Wednesday, January 23, 2013

Gemstone of the Week: Scheelite

(Scheelite image found on carnegiemnh.org)

Scheelite was in 1821 and is named after Swedish chemist Karl Wilhelm Scheele who proved the existence of tungstic oxide in 1781. Scheelite is a calcium tungstate and has a hardness of 4.5-5.  It may be tan, golden-yellow, colourless, white, greenish, dark brown, reddish yellow, pale yellow, and otehr various shades of these colours.  In transmitted light, Scheelite will appear colourless.  Scheelite may even form with colour-zoning. It has an adamantine to vitreous luster, and may be transparent or opaque.
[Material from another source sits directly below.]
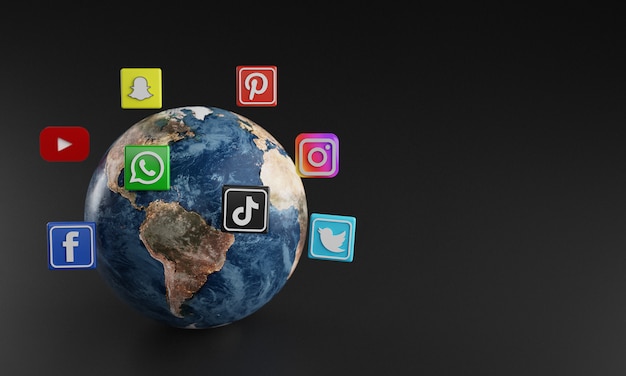 Download Free Most Popular Social Media Logo Icon Around Earth Premium Photo Use our free logo maker to create a logo and build your brand. Put your logo on business cards, promotional products, or your website for brand visibility.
Scheelite may be found in contact-metamorphic tactites, high temperature hydrothermal veins and greisens, granitic pegmatites, or alluvial deposits.  It has a dipyramidal, tetragonal crystal structure. Scheelite is may be found all over the world in: Afghanistan, Algeria, Argentina, Armenia, Australia, Austria, Belgium, Bhutan, Bolivia, Brazil, Bulgaria, Burma(Myanmar), Cambodia, Chile, China, Czech Republic, Democratic Republic of Congo(Zaire), Ecuador, Finland, France, Georgia, Germany, Greece, Greenland, Guatemala, Guyana, India, Hungary, Indonesia, Iran, Ireland, Italy, Japan, Kazakhstan, Kosovo, Kyrgyzstan, Madagascar, Malawi, Malaysia, Mexico, Mongolia, Morocco, Mozambique, Niger, Namibia, New Zealand, North Korea, Norway, Pakistan, Peru, Philippians, Portugal, Poland, Republic of Macedonia, Romania, Russia, Rwanda, Serbia, Saudi Arabia, Slovakia, South Africa, South Korea, Spain, Sri Lanka, Sudan, Swaziland, Sweden, Tajikistan, Tanzania, Thailand, Turkey, Uganda, the U.K, Ukraine, Uzbekistan, Venezuela, and Zambabwe and all across Canada and the U.S. you could also say that Scheelite is 'out of this world' as it can also be found on the moon!